During the People's Republic of Poland, it was carefully hidden, there was no place for it either in high school curricula or even within university curricula.

At present, for reasons of political correctness, the discussion of these painful events with our neighbor, Ukraine, is difficult and postponed for who knows when. For such conversations, any time is good, especially today. Any time is good for discovering the truth, understanding the mechanisms of those crimes, describing them and clearing up relations between the two neighboring nations — Polish and Ukrainian — especially today.

The concept of the Borderlands

Borderlands (Kresy) is the edge of the territory between our lands and other political entities.

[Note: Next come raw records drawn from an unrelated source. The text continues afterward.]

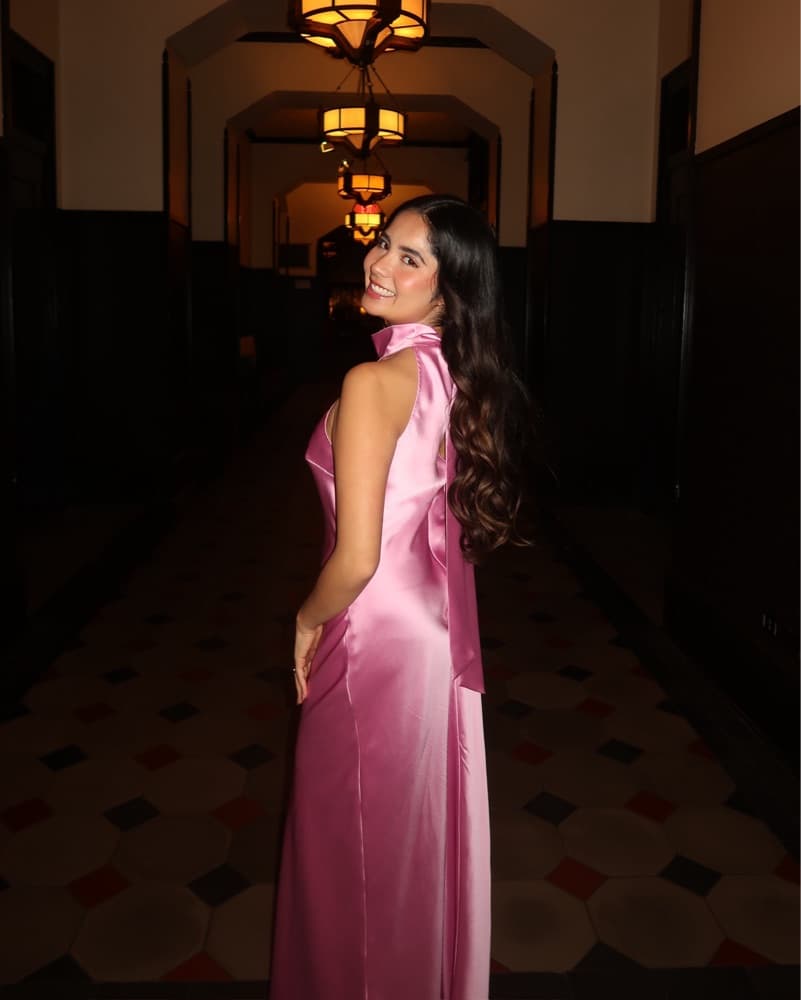Pink Satin Dress - Image 2
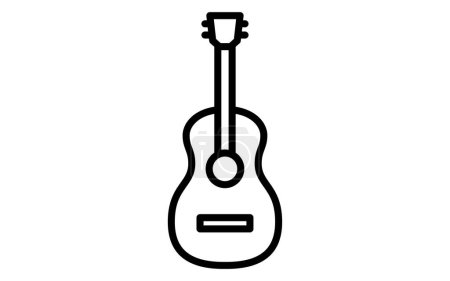 Illustration for Simple monochrome acoustic guitar icon - Royalty Free Image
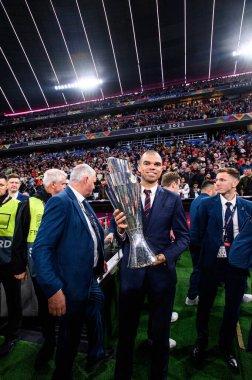 MUNICH, GERMANY - 8 Haziran 2025: Pepe - UEFA Uluslar Ligi 2025, Allianz Arena 'da İspanya' ya karşı. 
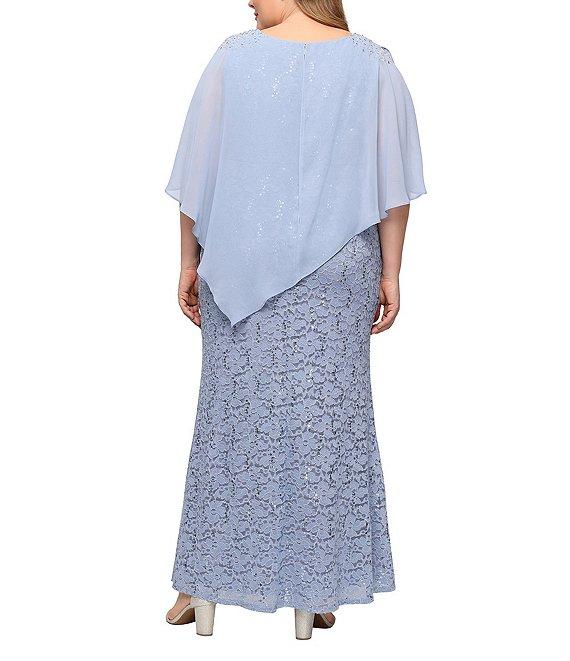 Ignite Evenings Plus Size Short Sleeve Round Neck Beaded Sequin Floral Lace Caplet Gown Product Image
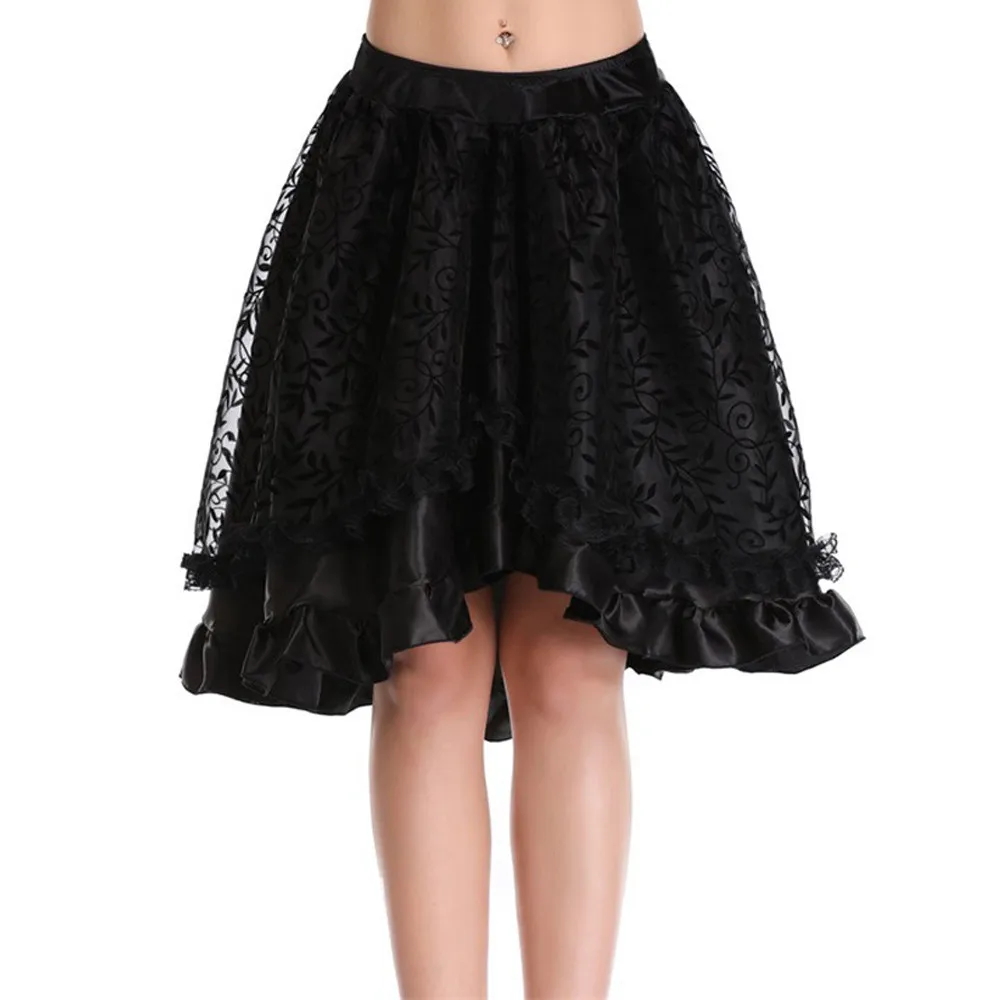 

Womens Sexy Summer Skirts Gothic Floral Lace High Waist Daily Party Casual beach Gothic Novelty Corset High Plus Skirt 2019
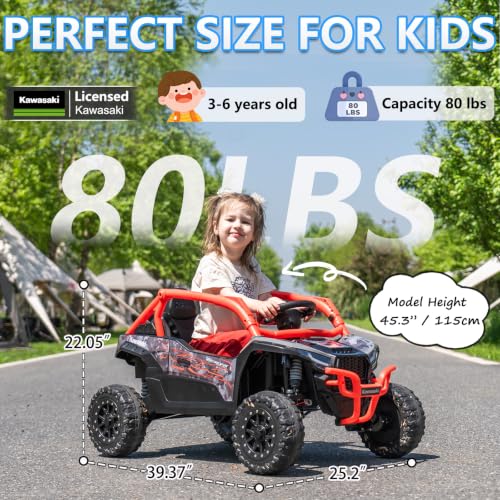 Image of NEWQIDA 24V Ride on Toys for Kids 3-6, Licensed Kawasaki KRX UTV, Red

In the first Polish Republic, these were military watchtowers defending the eastern and southern borders against the attacks of the Tatars and Turks. The borders of the First Polish Republic in the sixteenth century reached from the Black Sea to the Baltic Sea and covered territories where people of different nationalities and different cultures lived.

As a result of various external conditions and internal squabbles, the territory of the Polish state began to shrink until it was completely taken over by the neighboring countries — Russia, Prussia and Austria. For 123 years there was no Polish state and there was no concept of "Borderlands". After regaining independence in 1918, it appears again, but it has a different meaning, because the Second Polish Republic is very different from the first. It is a country several times smaller in terms of territory and national relations within it are organized differently.

Volhynia and Eastern Galicia (Source: Wikipedia)

Borderlands, within the meaning of the Second Republic of Poland, constitute 52% of the territory of the Polish state and cover eight out of sixteen voivodeships. These are eastern voivodeships where the Polish population was a minority. Borderlands played a very important role in the development of culture and the formation of our national identity.

Among the five most important cities of the Second Polish Republic (Kraków, Warsaw, Poznań, Vilnius and Lviv), two are located within the Borderlands. Two famous universities operated in these cities —Stefan Batory in Vilnius and Jan Kazimierz in Lviv. Two of the most eminent poets, Adam Mickiewicz and Juliusz Słowacki, began their activities in the Eastern Borderlands, in Vilnius. The Borderlands were described by the writers Henryk Sienkiewicz and Józef Ignacy Kraszewski, and a famous school of mathematicians with Stefan Banach and Stanisław Ulam was founded in Lviv. Paul Baran, the creator of the foundations of modern network communication, also comes from the Polish Borderlands (Grodno).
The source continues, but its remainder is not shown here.